Title: Navigating GRC in 2025: Steering the Course of Governance, Risk, and Compliance
In the realm of security and compliance, Matt Hillary, serving as VP of Security and CISO at Drata, leads the charge. With a decade and a half of experience under his belt, Hillary is guiding organizations through the transformative GRC landscape.
The landscape is witnessing a metamorphosis, driven by factors such as the adoption of artificial intelligence (AI) for process augmentation, an lifting of automation barriers, and the ever-evolving regulatory landscape demanding more from organizations. These factors pose challenges but also present opportunities for companies to seize and thrive.
Let's delve deeper into what the future may hold for GRC:
AI and GRC in 2025
The ultimate goal for all AI applications is agentic AI, an autonomous AI that can perform tasks without constant human input. This evolution holds potential to drastically speed up GRC processes, including:
Risk Assessments
Over the next few years, AI models could enable more precise and dynamic risk assessments. These models, trained on years of event impacts and risk likelihood, could provide more objective (quantitative) risk assessments, aiding organizations in proactively addressing their greatest concerns.
Evidence Collection & Audit Processes
AI can streamline evidence collection, analysis, and reporting, significantly increasing efficiency in preparing for audits and real-time compliance reporting. With well-trained AI models, organizations could replace some statically configured automated control tests for full-on internal and external audits run by agentic AI to ensure ongoing compliance.
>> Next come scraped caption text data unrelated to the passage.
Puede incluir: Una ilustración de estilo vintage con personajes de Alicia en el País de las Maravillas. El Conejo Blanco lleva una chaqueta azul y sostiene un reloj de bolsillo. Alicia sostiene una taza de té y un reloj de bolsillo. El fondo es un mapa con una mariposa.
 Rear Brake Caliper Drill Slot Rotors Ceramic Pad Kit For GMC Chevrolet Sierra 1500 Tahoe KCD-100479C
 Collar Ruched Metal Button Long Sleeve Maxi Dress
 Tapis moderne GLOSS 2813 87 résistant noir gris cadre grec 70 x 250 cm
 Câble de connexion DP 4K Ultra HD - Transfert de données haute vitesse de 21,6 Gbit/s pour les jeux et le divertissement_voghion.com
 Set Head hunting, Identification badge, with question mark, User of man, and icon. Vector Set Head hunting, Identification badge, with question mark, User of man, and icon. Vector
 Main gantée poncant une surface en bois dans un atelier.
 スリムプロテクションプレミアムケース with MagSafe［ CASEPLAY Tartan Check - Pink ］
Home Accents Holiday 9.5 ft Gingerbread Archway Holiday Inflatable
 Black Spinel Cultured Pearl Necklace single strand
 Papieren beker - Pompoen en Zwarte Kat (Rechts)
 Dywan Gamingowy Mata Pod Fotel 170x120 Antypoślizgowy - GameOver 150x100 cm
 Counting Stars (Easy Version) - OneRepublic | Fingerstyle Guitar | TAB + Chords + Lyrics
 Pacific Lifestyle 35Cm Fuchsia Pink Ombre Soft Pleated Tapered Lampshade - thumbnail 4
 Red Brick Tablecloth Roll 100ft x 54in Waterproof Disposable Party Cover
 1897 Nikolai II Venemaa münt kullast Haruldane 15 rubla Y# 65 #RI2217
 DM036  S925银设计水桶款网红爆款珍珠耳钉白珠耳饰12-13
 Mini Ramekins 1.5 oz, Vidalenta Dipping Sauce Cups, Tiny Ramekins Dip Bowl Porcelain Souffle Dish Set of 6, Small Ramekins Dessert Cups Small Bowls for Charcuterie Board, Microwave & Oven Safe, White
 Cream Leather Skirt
The use of AI, however, raises ethical and privacy concerns, with human oversight still being required to ensure unbiased, transparent, and accountable AI systems.
The Future of Risk Management
Technologies like AI will transform risk management, leading to transformative changes. Some predictions include:
Quantitative Risk Analysis
More companies will adopt quantitative risk assessment methods, allowing for more precise risks quantification and prioritization.
Integration of External Data Sources
Risk assessments will incorporate a variety of external data sources, including past incident data, threat intelligence, and geopolitical events, offering a more holistic view of potential risks.
Dynamic Risk Adjustment
Real-time data will enable continuous risk assessment, allowing for swift adjustments when necessary.
Balancing Innovation and Risk
Organizations will have to make tough decisions between utilizing resources for risk mitigation and pushing forward with new opportunities.
Uniting Security, Compliance, and Privacy
These disciplines will merge, driven by shared objectives, increasing threats, more rigid regulations, intensified demands from customers, and growing public awareness of privacy concerns. Organizations will have to dissolve silos and adopt a united approach to risk management.
Transformation of Third-Party Risk Management
AI will enable quicker risk assessments of third-party relationships, enabling organizations to adjust their risk profiles more swiftly.
In conclusion, the future of GRC holds increased automation, agentic AI, and a more holistic approach to risk and compliance, requiring organizations to prepare and adapt to meet these future challenges.
Matt Hillary, as VP of Security and CISO at Drata, will continue to navigate this automated and agentic AI-driven GRC landscape, leveraging its potential for more precise risk assessments and streamlined audit processes. In the future, Hillary and other leaders in the field will need to address ethical and privacy concerns arising from AI use in GRC.
Given Matt Hillary's leadership in the GRC field, his expertise in utilizing AI for risk assessments and streamlined audit processes will become even more vital as companies adopt quantitative risk analysis, integrate external data sources, and utilize dynamic risk adjustment techniques.